It was, of course, Leo Fender who introduced the greater guitar-playing world to the magic of spring reverb, and his “tanks” were made by the Hammond Organ Company in good old Illinois, USA.
For the most part, when discerning guitar players talk in hushed tones about the hallowed golden sound of spring reverb, it’s those wonderful vintage US made tanks from the 1950’s and 60’s they hold in such high esteem. The warm-fuzzy golden goodness of vintage spring reverb is undeniable. Also undeniable is the fact that for most gigging guitarists these days, such vintage reverberation is just not particularly feasible. Not only are vintage reverb units or vintage amps that contain vintage tanks expensive, they can be unreliable. No one can blame a delicate little spring that’s been banging around under tension for decades for not being able to keep up with the rigors of the road, and so most vintage units are now enjoying the rest they so exhaustively earned, living a pampered life of luxury in a studio or honored vintage collection.
So where does that leave us? Where do we turn to get our reverb fix? For most of us this has been a difficult question. Once you have basked in the glory that is vintage spring reverb, it’s hard to accept anything less. The current production spring tanks don’t sound as good as the old ones, are still prone to damage, and can, of course, still make some really offensive noises when jostled about. For those of us who on occasion are required to travel with only a modest pedal-board the problem is particularly poignant. And so the decision is made by most guitar players: we need a reverb “pedal”.
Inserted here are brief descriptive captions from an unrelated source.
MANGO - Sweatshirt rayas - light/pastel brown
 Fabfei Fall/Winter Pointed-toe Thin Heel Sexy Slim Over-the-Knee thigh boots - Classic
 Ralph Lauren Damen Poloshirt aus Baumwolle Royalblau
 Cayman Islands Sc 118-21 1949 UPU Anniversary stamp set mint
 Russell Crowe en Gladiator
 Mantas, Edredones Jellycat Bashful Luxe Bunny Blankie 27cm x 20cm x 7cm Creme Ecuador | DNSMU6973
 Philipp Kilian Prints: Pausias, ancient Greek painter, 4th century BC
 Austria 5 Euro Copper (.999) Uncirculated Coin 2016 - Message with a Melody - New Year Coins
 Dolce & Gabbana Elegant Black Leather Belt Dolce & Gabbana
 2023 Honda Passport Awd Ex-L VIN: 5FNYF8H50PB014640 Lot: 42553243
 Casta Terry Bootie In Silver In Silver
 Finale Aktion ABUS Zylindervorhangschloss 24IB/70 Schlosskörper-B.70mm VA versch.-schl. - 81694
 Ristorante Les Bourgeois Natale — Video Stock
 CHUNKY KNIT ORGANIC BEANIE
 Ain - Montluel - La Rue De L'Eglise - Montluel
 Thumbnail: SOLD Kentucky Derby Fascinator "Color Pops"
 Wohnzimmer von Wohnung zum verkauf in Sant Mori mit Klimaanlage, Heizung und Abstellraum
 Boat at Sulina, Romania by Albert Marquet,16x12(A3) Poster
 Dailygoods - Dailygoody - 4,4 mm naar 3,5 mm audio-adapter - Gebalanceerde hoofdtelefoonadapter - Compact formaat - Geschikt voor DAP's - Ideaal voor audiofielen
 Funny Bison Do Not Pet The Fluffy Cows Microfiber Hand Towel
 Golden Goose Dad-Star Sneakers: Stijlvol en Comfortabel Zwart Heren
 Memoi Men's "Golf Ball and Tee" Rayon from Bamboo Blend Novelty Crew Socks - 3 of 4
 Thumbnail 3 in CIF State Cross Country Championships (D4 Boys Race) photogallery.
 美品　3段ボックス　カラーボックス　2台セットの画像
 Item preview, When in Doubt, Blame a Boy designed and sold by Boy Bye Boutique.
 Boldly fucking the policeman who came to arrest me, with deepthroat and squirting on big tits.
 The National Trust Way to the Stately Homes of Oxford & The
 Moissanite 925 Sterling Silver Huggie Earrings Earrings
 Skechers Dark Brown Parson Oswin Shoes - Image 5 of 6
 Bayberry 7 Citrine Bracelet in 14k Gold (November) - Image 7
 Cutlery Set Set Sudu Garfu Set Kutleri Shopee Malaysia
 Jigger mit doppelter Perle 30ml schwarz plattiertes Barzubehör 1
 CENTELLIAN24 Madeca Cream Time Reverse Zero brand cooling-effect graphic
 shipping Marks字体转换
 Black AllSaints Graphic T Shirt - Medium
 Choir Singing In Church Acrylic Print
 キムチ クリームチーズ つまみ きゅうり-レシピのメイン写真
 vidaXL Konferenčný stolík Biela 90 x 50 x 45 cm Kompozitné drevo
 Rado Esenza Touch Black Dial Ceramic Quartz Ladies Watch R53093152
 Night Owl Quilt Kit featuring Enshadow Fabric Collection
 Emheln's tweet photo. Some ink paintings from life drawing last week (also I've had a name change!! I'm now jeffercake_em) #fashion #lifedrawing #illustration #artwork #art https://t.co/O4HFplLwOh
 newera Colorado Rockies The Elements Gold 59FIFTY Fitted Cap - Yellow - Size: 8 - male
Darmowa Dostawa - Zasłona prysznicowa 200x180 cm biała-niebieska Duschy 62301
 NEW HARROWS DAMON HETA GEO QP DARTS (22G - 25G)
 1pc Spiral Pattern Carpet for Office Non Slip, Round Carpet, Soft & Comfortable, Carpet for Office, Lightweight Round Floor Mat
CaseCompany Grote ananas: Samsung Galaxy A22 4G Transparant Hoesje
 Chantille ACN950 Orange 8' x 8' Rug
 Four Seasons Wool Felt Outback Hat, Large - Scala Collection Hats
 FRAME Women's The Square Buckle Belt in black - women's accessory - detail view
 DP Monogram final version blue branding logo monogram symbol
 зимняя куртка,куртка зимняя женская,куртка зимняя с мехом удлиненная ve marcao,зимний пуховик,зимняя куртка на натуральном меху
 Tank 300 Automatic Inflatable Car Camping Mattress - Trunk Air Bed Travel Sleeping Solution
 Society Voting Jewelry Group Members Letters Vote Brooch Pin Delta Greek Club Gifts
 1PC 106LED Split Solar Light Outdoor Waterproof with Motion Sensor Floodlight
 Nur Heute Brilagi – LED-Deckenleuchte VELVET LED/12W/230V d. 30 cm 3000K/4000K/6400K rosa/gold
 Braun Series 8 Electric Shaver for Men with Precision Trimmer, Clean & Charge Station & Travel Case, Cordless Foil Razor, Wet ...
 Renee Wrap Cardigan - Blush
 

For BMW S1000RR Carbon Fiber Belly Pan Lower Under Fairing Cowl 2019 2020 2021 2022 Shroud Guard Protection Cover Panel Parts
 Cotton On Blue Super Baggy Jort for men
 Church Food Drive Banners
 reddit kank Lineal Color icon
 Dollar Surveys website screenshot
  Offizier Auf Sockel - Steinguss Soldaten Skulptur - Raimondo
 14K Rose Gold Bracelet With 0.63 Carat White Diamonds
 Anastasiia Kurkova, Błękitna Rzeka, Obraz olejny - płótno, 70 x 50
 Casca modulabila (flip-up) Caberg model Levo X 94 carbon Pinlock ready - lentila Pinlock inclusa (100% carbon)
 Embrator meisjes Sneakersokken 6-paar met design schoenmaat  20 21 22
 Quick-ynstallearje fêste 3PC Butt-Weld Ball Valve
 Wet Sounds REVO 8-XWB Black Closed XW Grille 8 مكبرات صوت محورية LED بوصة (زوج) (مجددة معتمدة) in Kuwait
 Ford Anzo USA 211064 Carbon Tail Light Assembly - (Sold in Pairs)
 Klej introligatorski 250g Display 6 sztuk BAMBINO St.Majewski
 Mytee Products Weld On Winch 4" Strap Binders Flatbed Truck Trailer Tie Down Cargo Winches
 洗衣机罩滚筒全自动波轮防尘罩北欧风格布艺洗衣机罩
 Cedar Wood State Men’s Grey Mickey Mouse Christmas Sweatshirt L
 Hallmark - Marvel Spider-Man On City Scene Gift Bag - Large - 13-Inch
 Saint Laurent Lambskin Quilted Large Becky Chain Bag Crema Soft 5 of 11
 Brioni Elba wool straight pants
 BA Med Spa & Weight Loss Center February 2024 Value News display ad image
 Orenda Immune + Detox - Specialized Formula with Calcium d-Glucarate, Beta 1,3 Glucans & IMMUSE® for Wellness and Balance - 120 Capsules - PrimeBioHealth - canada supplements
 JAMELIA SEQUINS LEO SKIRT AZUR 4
Those of us old enough to remember the pre-digital days also remember the pre-digital “reverb” pedals, which were not really reverb at all. These things were actually the product of a bunch of short analog “bucket-brigade” delays. The sound produced was, well, interesting; but it was most decisively NOT reverb. When switched on, these things hissed like a serpent, and when switched off they sucked all the high-frequencies plumb out of your tone. To add insult to injury, these behemoth pedals also generally required a proprietary 18-volt (or higher) power supply, too.
The late 1980’s ushered in the first “digital” reverb pedals. Like their analog forerunners, these things were generally large, power-hungry beasts; they also hissed like mad and sucked tone even when switched off. The “reverb” was at least approaching the sound of true reverb, but compared to a good spring tank … well … there just plain WAS no comparison. Even the reverb pedals of the late 90’s and into the early 2000’s left much to be desired. Generally the evolution of digital pedals went the same direction as all digital “revolutions”; they just kept heaping on features. Once you convert a guitars signal into a stream of ones and zeros, it’s pretty much possible to rearrange those digits to mangle the result in any number of ways. The problem is that most folks don’t actually like the sound of rearranged ones and zeros. To a discerning guitar player this digital process can bring about grave consequences. Cheap pickups, bad tubes, inexpensive speakers; these can all provoke a pretty objectionable tone, but they don’t hold a candle to decomposing a signal into representative ones and zeros, rearranging those ones and zeros, and putting them back together. This is exactly what most digital reverb pedals do.
If the story were to end here, it would be a sad story; but it doesn’t, and it isn’t. As of this writing, at least one company, Wampler Pedals, is producing a digital reverb pedal that accomplishes everything we want a reverb pedal to do, while avoiding those things we strongly require it to not do. The Wampler “Faux Spring” reverb pedal uses a very advanced and proprietary digital spring reverb emulation circuit that is among the finest available, one which bears absolutely no resemblance to the digital reverb “chips” commonly found in reverb pedals. This complex circuit was not designed to mangle ones and zeros in a nearly infinite number of ways. This circuit is designed with one solitary goal: to provide true “spring” reverb. And, as for that terribly distasteful process of taking your guitars signal, converting it into ones and zeros and spitting it back out, this pedal avoids that digital carnage by NOT Converting the guitars dry signal at all, the non-effected (dry) signal remains pure in its analog form. The reverb may be digital, but the guitar tone most certainly is not.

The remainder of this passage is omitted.